HOWTO Install Japanese Input on Debian Sarge (using SCIM)

This article was first written in December 2005 for the BeezNest technical
website (http://glasnost.beeznest.org/articles/319).

Introduction

This article explains how to install the SCIM (Simplified Chinese Input Method) together with enough Japanese resources to enable Japanese input on your desktop (GNOME 2 in this case). SCIM is a software that can run as a daemon in order to enable special, on the fly, character substitution while you type something on a normal keyboard. Initially planned for Simplified Chinese, it can be used for Japanese if installed with the correct tables. To activate SCIM, you can configure a set of enabling Everything here is free and open-source, so you can try it and remove it if not happy.
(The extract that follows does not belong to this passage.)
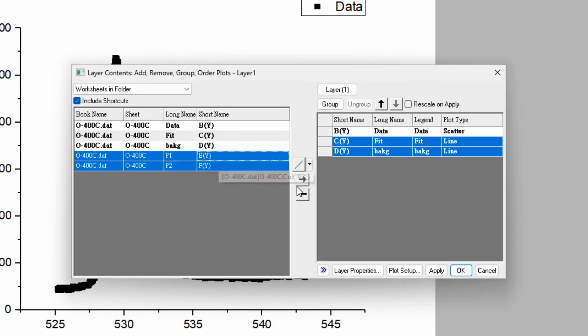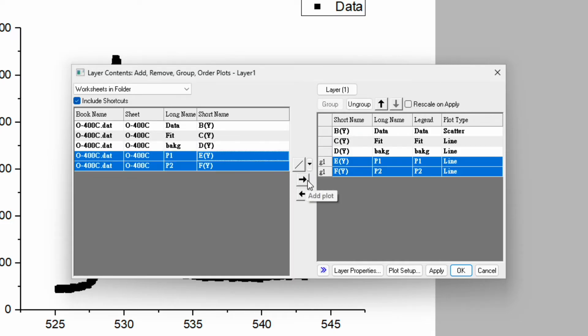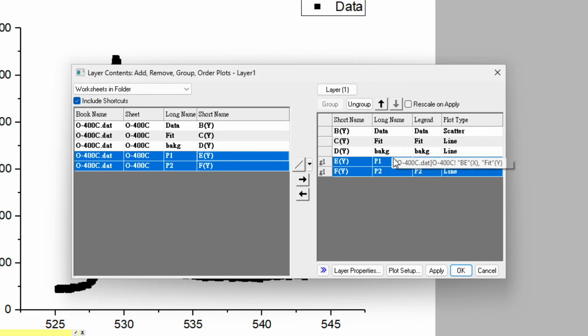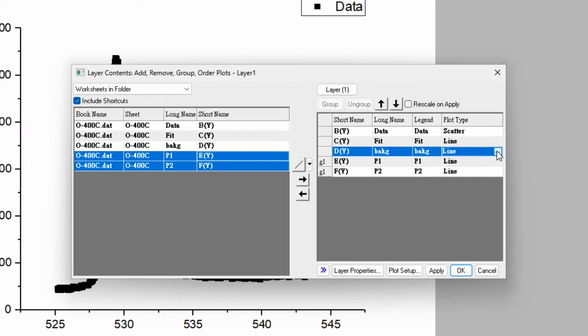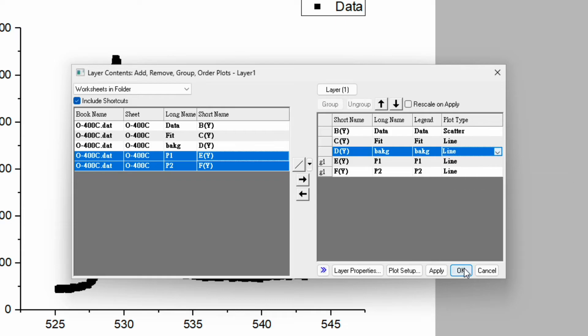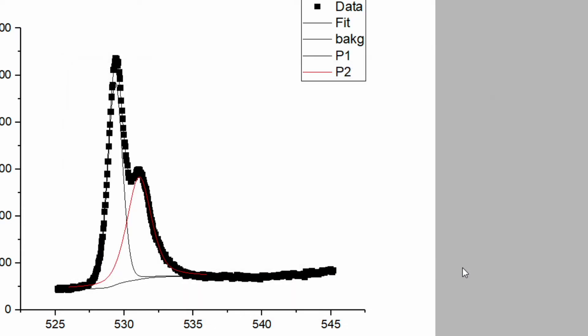And select these two and do the same again. So here we want to group P1 and P2, whereas keep background, fitting data as independent. If you click over here you can also change the pattern: line to scatter or line symbol. So right now just keep as a line and click on OK.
Installing SCIM basic + Japanese tables and fonts

Use the following command to install mandatory packages:
sudo apt-get install uim anthy scim-gtk2-immodule scim-uim scim-tables-ja
In the Anthy config screen, select any of the dictionaries you want (I generally pick the three). Now comes the tricky bit, but this is only mandatory if you want SCIM to be started automatically with your session. If I got it correctly, SCIM acts on the X system, not on the desktop system. This means that you have to start it at the X level, so just before GNOME. To do this, edit a .xsession file in your home directory and fill it with the following lines:
export XMODIFIERS="@im=SCIM"
export GTK_IM_MODULE="scim"
export XIM_PROGRAM="scim -d"
export QT_IM_MODULE="scim"
gnome-session
Change that file to be executable
chmod +x .xsession
Then restart your X session (logout from your GNOME session by asking to close session).